Oklahoma native John Martin and Florida-bred Jamie Floyd met in Nashville years ago for a chance co-writing session–everyday business in the Music City. Recently, Martin had the opportunity to write a song for a movie through a family connection. “I got my hands on the script, and it was unbelievable. I was so inspired. I didn’t know how the process worked, so I wrote one song, but I knew there was more there. It’s an independent film, and no one was in charge of the music. I knew we had to give them more,” Martin recalls. “Jamie has had a lot of success writing for film and t.v. movies, and she was the first person I called.”
Over the course of several weeks, the pair recorded a set of songs in a garage, which they believed were just demos that another artist would perform for the film. Those demos ended up being used for the movie; the movie, Dog Years, starring Burt Reynolds, premiered at The Tribeca Film Festival in April, and has been winning awards and acclaim ever since. Martin and Floyd were asked to perform in a scene in the film, and quickly assembled a group of players for the shoot. “We realized that this was the sound of a band, not just two songwriters writing for a movie,” Martin says. “We needed to run that down, and found a sound that was unique to us.” “We started writing an EP to develop our sound together, and wanted to have some music out there before the movie comes out so people can get to know us,” Floyd adds of their recent self-titled release. The album houses five tracks:
“Country Song,” written about the hustle and bustle of Nashville, and “Sacred Garden” was inspired by a walk in Salt Lake City. “We came upon this garden in a graffitied alley, kind of hidden away,” explains Floyd. “The graffiti scrawled across the wall said ‘Sacred Garden’ and we came up with a melody that sounded like that place to us.” “The talent of the session players in this band is outstanding. Whenever we play this song, I feel like we’re The Beatles,” laughs Martin. “We also stole a chord from a Harry Styles song.” For “I Ain’t Dead,” Martin asked Floyd to come up with some dark finger-picking riffs to match the title she already had for the song. “If you’e ever been written off, this is the song for you,” Martin levels of the track, which features ambient backyard sounds and auxiliary percussion in the form of a propane tank. “It was the song that got us in the door to work on the movie. It’s the song that made us realize we had something.” “November & June” is the second song they ever wrote together; it covers their history, and shows their development. After they finished the soundtrack for Dog Years, “Don’t Get Back Up” was one of the first songs created for the EP. “It’s so simple, but it’s awesome,” says Floyd. “John captured that simplicity with depth with one line, ‘When you fall in love, don’t get back up.’ It’s a great example of our songwriting language and what we’re trying to accomplish lyrically.”

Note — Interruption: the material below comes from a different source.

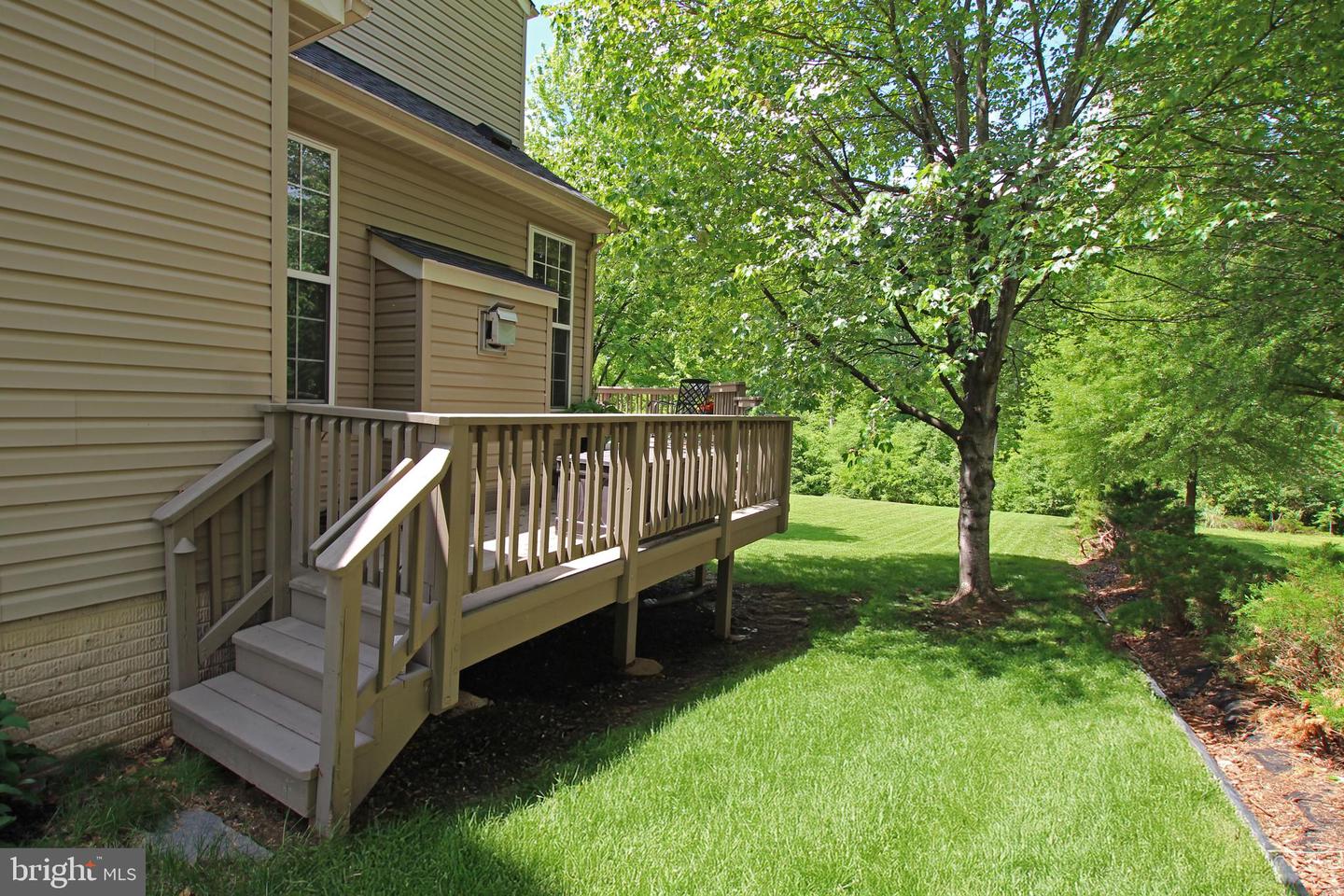 15516 WIGEON WAY, WOODBRIDGE, Virginia 22191, 3 Bedrooms Bedrooms, 11 Rooms Rooms,2 BathroomsBathrooms,Residential,For sale,15516 WIGEON WAY,VAPW2088076 MLS # VAPW2088076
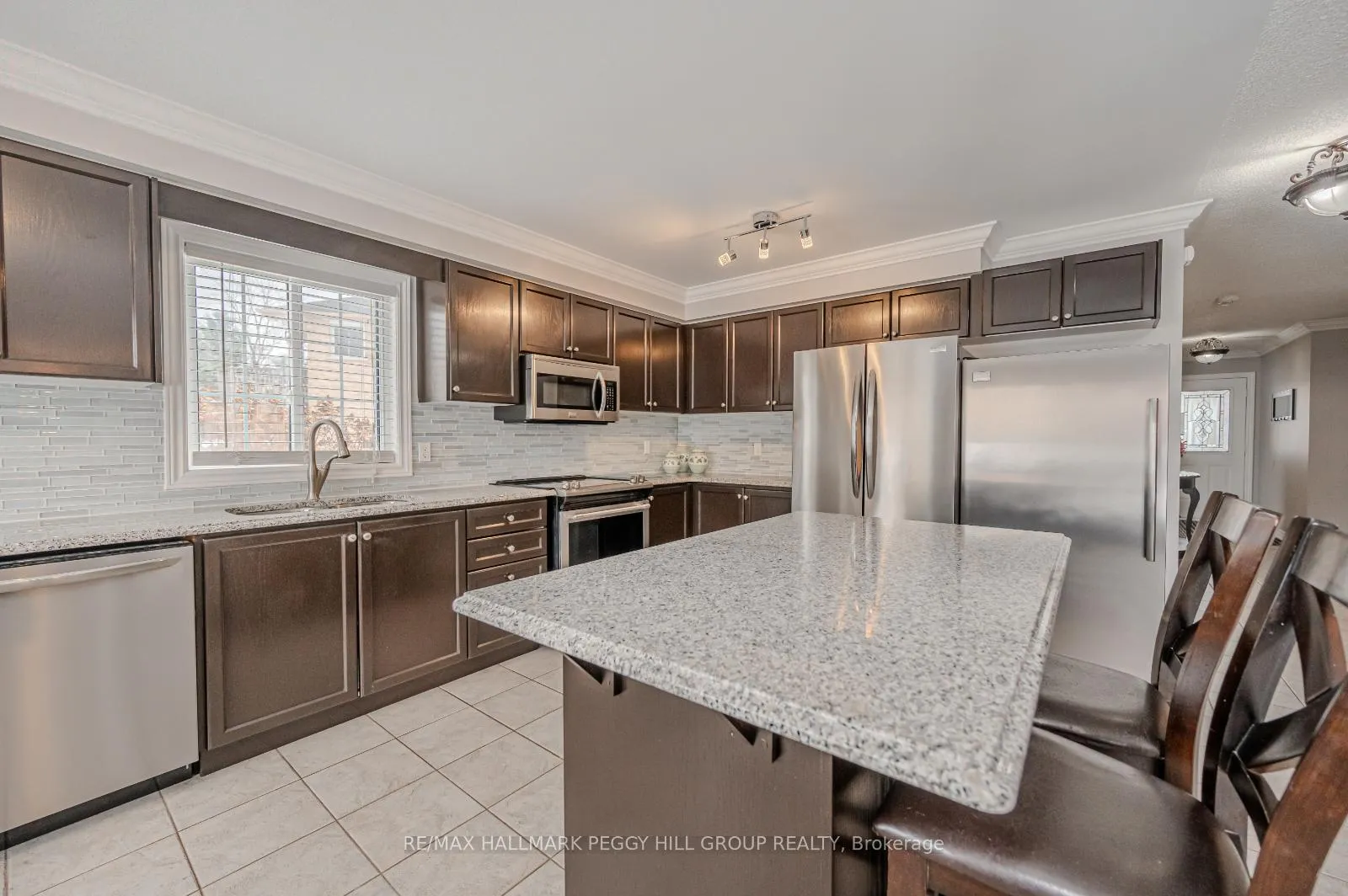 Photo 6 of 89 Knupp Road, Barrie, Edgehill Drive — HOMEH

“We have this shared love affair with the pedal steel,” Floyd continues. “We love the sound, the atmosphere it creates, it’s very cinematic and beautiful. We incorporated it heavily into our EP, and it shapes a lot of our sound,” she adds. “When we perform live, a lot of times it’s just us and a steel guitar.” “We write simple and direct songs,” Martin interjects of their style, which he describes as a blend of Everly Brothers harmonies with Tom Petty and The Heartbreakers-esque grit. “It’s almost like a throwback that sounds new,” he says. “It sounds like two people with one voice.”
Stranger Friends are currently awaiting the wide release of Dog Years and are working on their debut full-length; with connection and collaboration as the foundation of their musical partnership, they want to include others in their journey. “Stranger Friends is all about finding creative ways to collaborate with people,” explains Martin; the band celebrated the release of their EP with a show in Nashville last month, and invited visual artist Ryan Rado to paint live at the performance. “We want to use this opportunity to create a culture,” says Floyd. “You’re only one connection away from being a stranger to becoming a friend. Our connection point was music. We want to connect with others through our music, and shine a light on others’ artistic talents,” she adds. “You come to our shows as strangers, but you leave as friends.”